---
title: "Example Bayesian Analyses"
format:
html: default
revealjs:
output-file: bayesian-examples-slides.html
pdf:
output-file: bayesian-examples-handout.pdf
docx:
output-file: bayesian-examples-handout.docx
---
{{< include shared-config.qmd >}}
This appendix collects worked Bayesian analyses,
applying the concepts of
[the Bayesian-analysis appendix](intro-bayes.qmd#sec-bayes-paradigms)
and the simulation machinery of
[the MCMC appendix](mcmc-methods.qmd#sec-mcmc-methods)
to regression models we have already met in the frequentist setting.
The structure parallels [@dobson4e, Chapter 14].
Each analysis specifies a model, places priors on its parameters,
draws posterior samples by MCMC, and summarizes the posterior.

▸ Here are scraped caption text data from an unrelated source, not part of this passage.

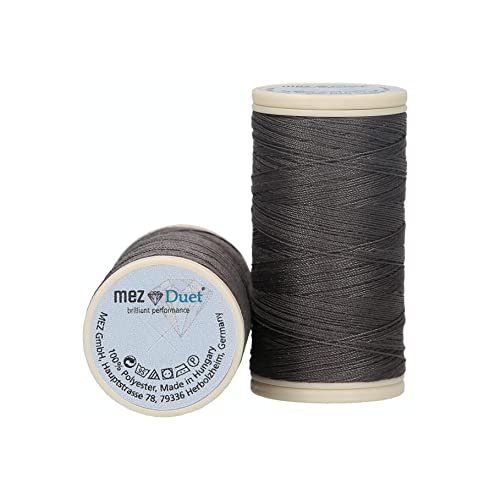 MEZ Nähgarne, 100% Polyester, 6002, Stärke 100, 100m, 9 MEZ Nähgarne, 100% Polyester, 6002, Stärke 100, 100m, 9 von MEZ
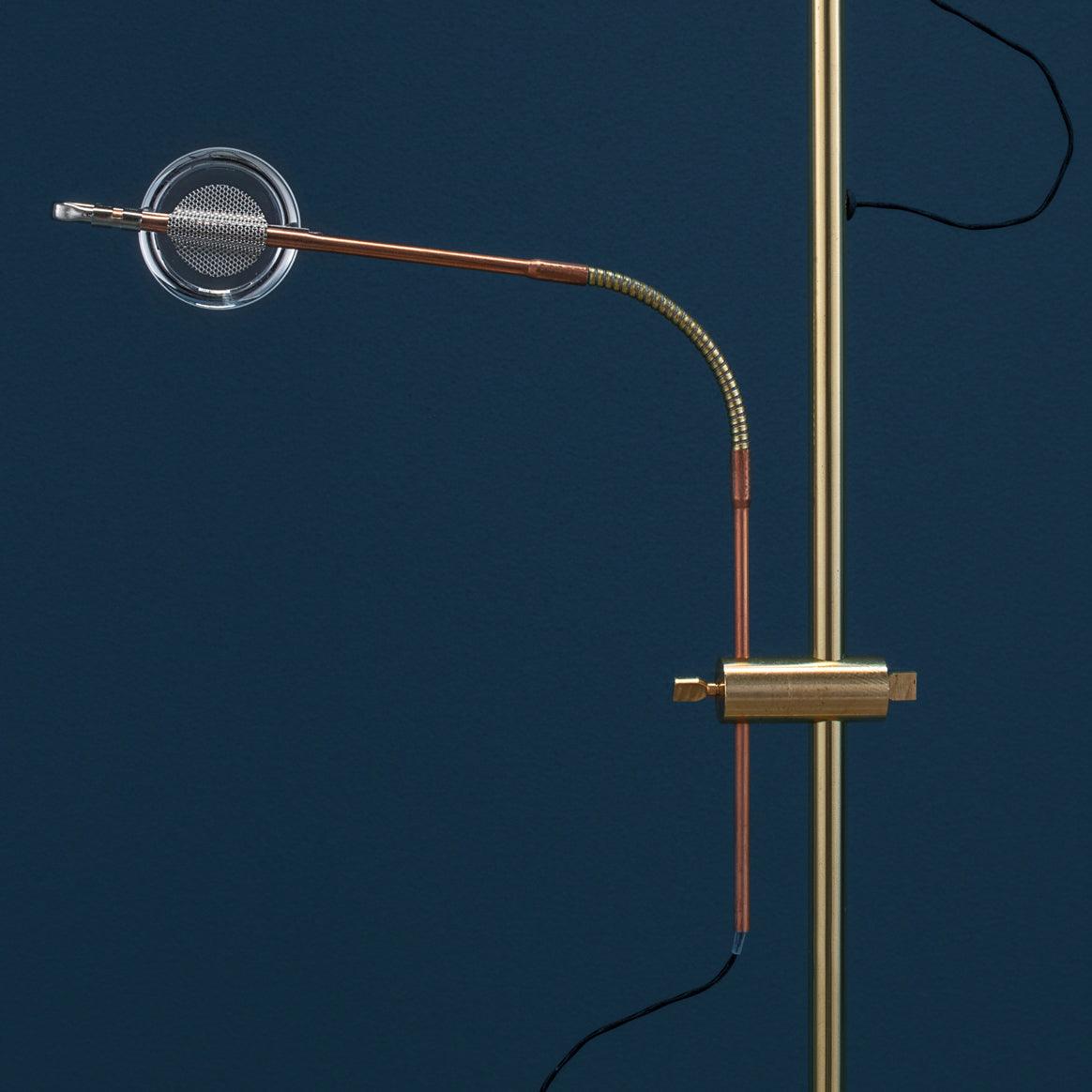 Receiv Steel Floor Lamp-Neutral Decor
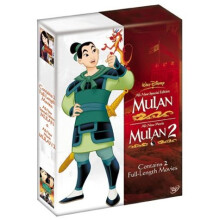 Mulan/Mulan 2 [DVD] [2004]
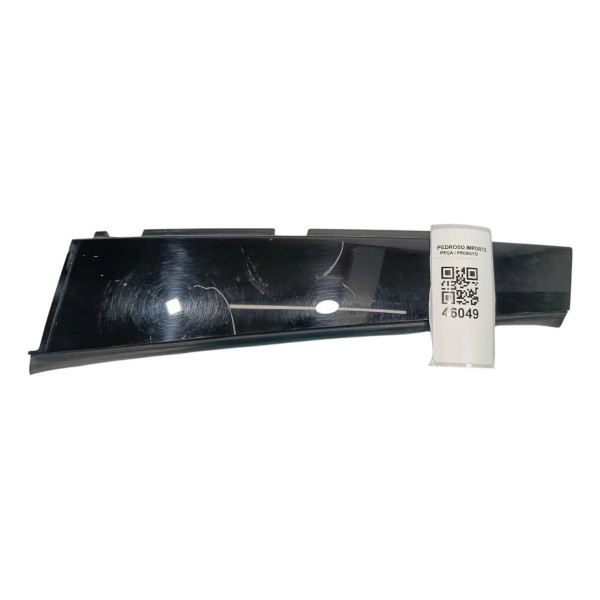Moldura Aplique Porta Traseira Direita Volvo S60 2020 Preto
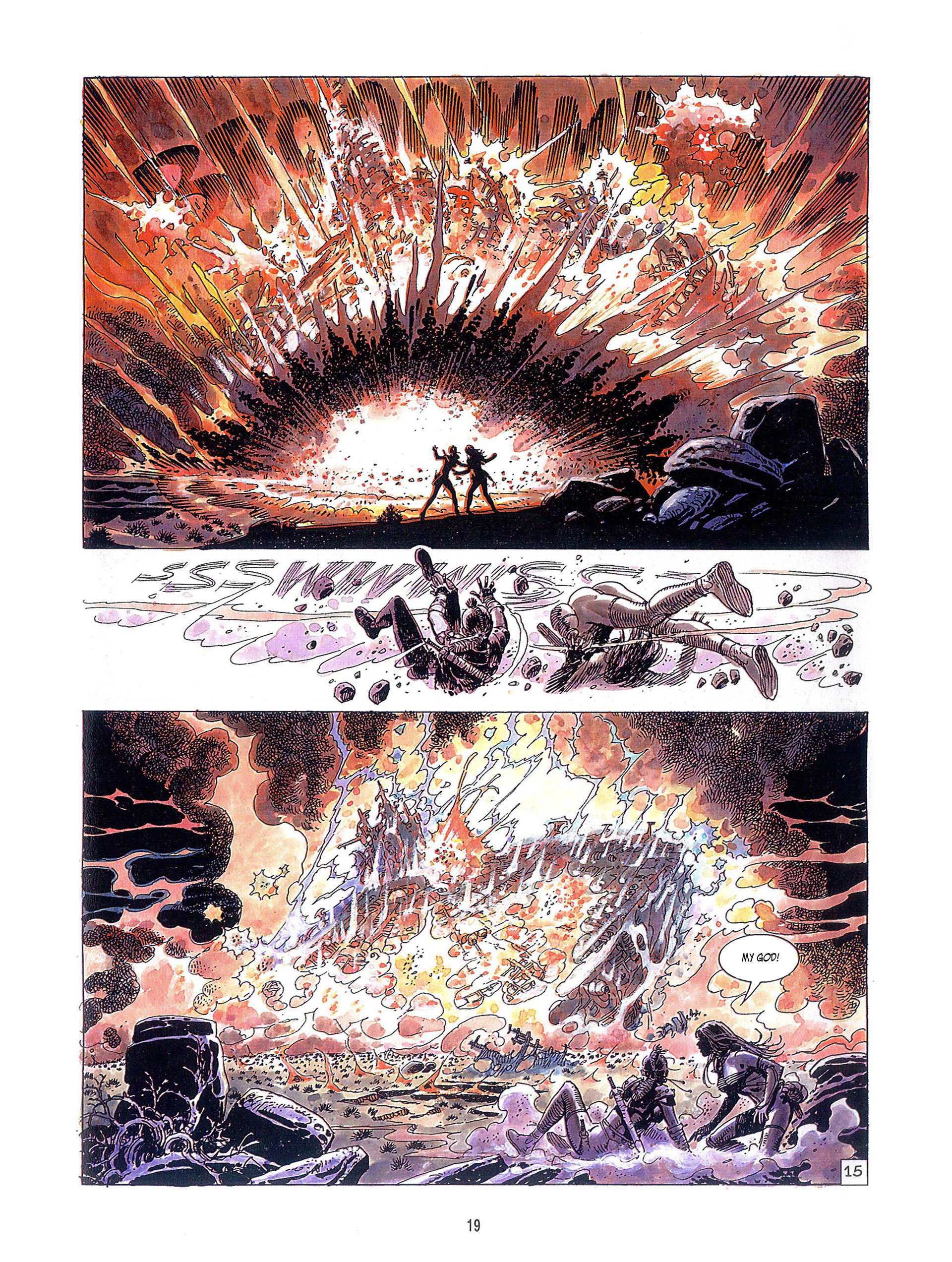 Read online Falka comic -  Issue #5 - 17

# A first example: a single proportion {#sec-bayes-examples}
We begin with the simplest possible model — a single Bernoulli
probability — fit with **JAGS** ("Just Another Gibbs Sampler"),
which we drive from R.
This example introduces the mechanics (specifying a model, supplying
data, monitoring parameters, and inspecting draws) that the later
analyses reuse.
{{< include dobson-bayes-example.qmd >}}
# Binary outcomes: logistic regression {#sec-bayes-examples-logistic}
For a binary outcome $Y_i \sim \Bernoulli(\pi_i)$ with
$\logit(\pi_i) = \tp{\vxi}\vbeta$,
the Bayesian analysis places a prior on the coefficient vector
$\vbeta$ — typically independent, weakly informative normals such as
$\beta_j \sim \ndist{0, \sigma_0^2}$ with $\sigma_0$ large on the log-odds
scale — and samples the posterior $p(\vbeta \mid \vy)$ by MCMC
[@dobson4e, Chapter 14, p. 318].
The posterior draws for each $\beta_j$ are summarized by their mean and a
$95\%$ credible interval; exponentiating gives posterior summaries for
the odds ratios.
Unlike the frequentist fit, no large-sample normal approximation is
needed: the credible interval is read directly from the posterior
quantiles, and odds ratios or other nonlinear functions of
$\vbeta$ are obtained simply by transforming the draws.
:::{#exm-bayes-logistic}
#### Bayesian logistic regression
We simulate $N = 200$ observations from a logistic model with a single
continuous predictor, intercept $\beta_0 = -0.5$ and slope
$\beta_1 = 1.2$, then recover the coefficients by MCMC.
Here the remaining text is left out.